C’est toutefois sur un moyen relevé d’office que la Cour de cassation censure la cour d’appel et le juge de la mise en état pour excès de pouvoir et déclare la demande du mari irrecevable.
D’une part, lorsqu'il y a lieu de statuer, après le prononcé de la séparation de corps, sur la modification de la pension alimentaire due au titre du devoir de secours, la demande est présentée au juge aux affaires familiales par l'un des époux dans les formes et conditions prévues aux articles 1137 s. du CPC – assignation ou requête – (C. civ. art. 303, al. 1 ; CPC art. 1084, al. 1 et 1129). Il s’ensuit qu’il n’entre pas dans les attributions du juge de la mise en état de statuer sur une demande de modification de la pension alimentaire due au titre du devoir de secours au cours d’une instance en conversion de la séparation de corps en divorce.

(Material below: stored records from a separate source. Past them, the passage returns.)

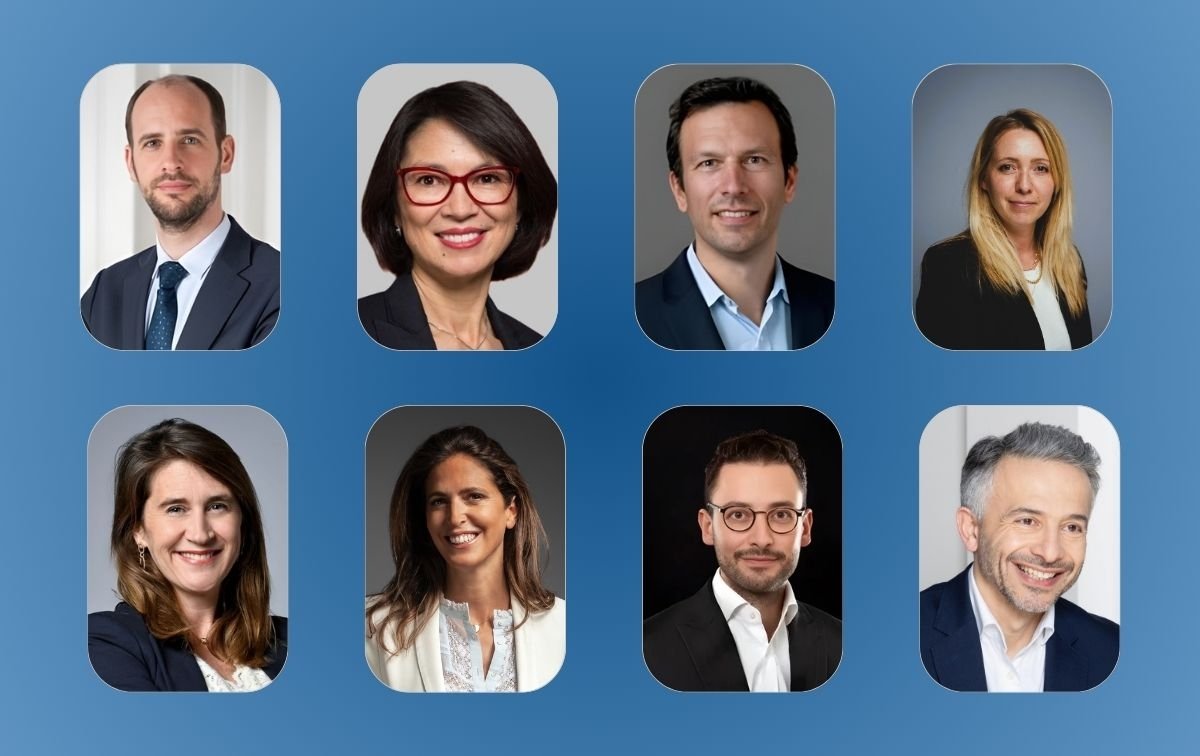 Alexis Dupont (Turenne Groupe), Cécile Nguyen-Cluzel (Latour Capital),  Yann Bak (Ambienta), Armelle de Tinguy  (115 K), Valentine Deramecourt (Aestia Capital), Joséphine Loréal (Montefiore Investment), Jérôme Triebel (Astorg), Marc Diamant (Weinberg Capital Partners)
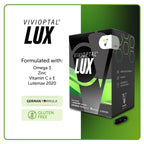 Vivioptal Lux, 90 Softgels, Adult Vitamins, Improve Visual Performance, Omega 3, Zinc, and Vitamin C & E, Multivitamin & Multimineral, Gluten Free, German Formula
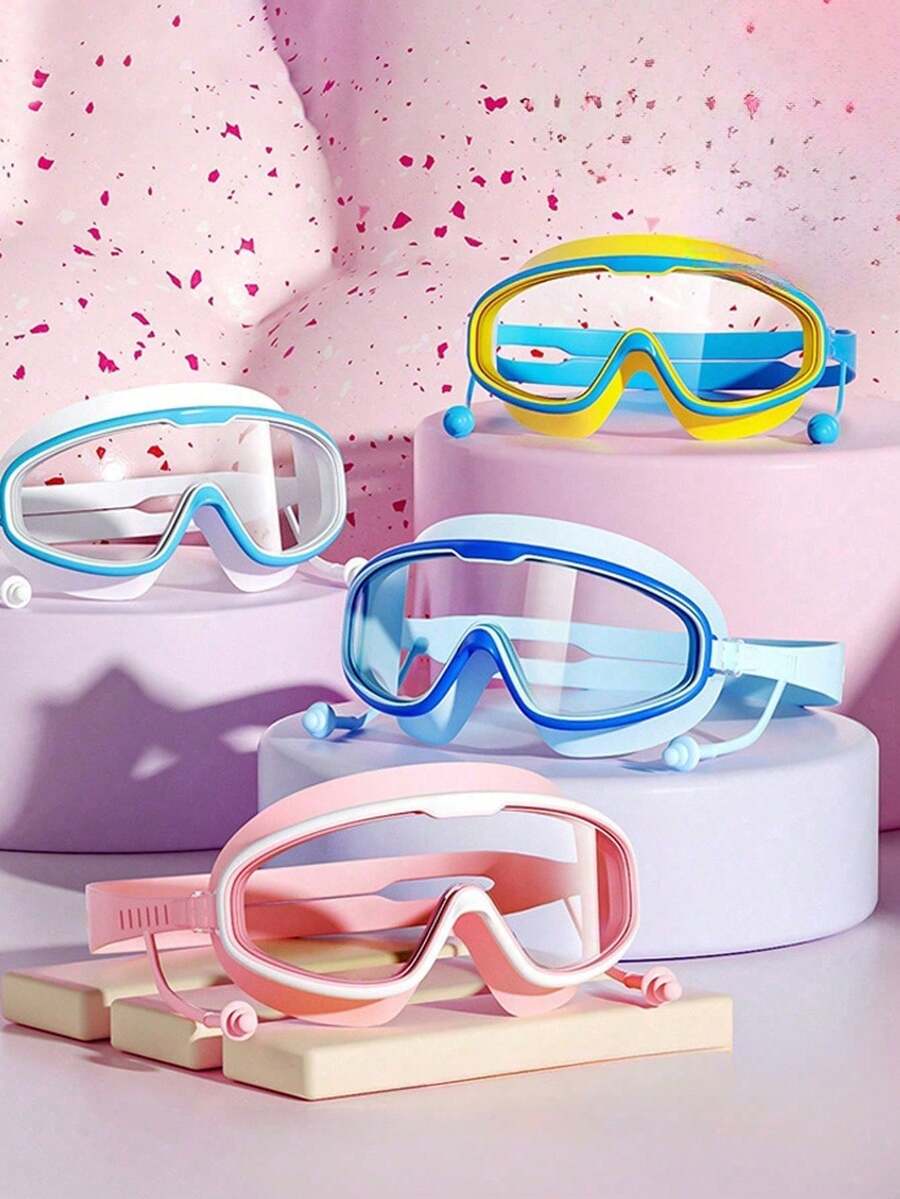 Anti-Fog Waterproof Swimming Goggles, HD Swim Glasses for Pool and Beach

D’autre part, la cour d’appel ne pouvait pas faire application du principe selon lequel, en cas de survenance d’un fait nouveau, le juge peut, jusqu’au dessaisissement de la juridiction, supprimer, modifier ou compléter les mesures provisoires qu’il a prescrites (CPC art. 1118). En effet, la demande du mari visait la modification d’une mesure accessoire au prononcé de la séparation de corps et non celle d’une mesure provisoire prise pour la durée de l’instance en conversion de cette séparation de corps en divorce.
A noter :
Le juge aux affaires familiales exerce plusieurs fonctions : il peut être la formation de jugement elle-même, – laquelle peut être à juge unique ou collégiale –, et il statue alors au fond, mais il est aussi juge de la mise en état. Comme le souligne la conseillère référendaire dans son rapport, il n’est pas inhabituel que le JAF statue avec une « casquette » différente, dans des instances qui opposent les mêmes parties, mais qui n’ont pas le même objet et qui répondent à des règles de procédure qui ne sont pas les mêmes, de même que dans une même instance, en divorce ou en séparation de corps par exemple, il peut successivement statuer en tant que juge de la mise en état, puis en tant que formation de jugement, sans que cela ne pose pour autant de difficulté pratique notoire, si ce n’est celle d’identifier les compétences d’attribution du juge aux affaires familiales au regard des différentes fonctions qu’il peut exercer (juge de la mise en état, juge du fond, juge des référés).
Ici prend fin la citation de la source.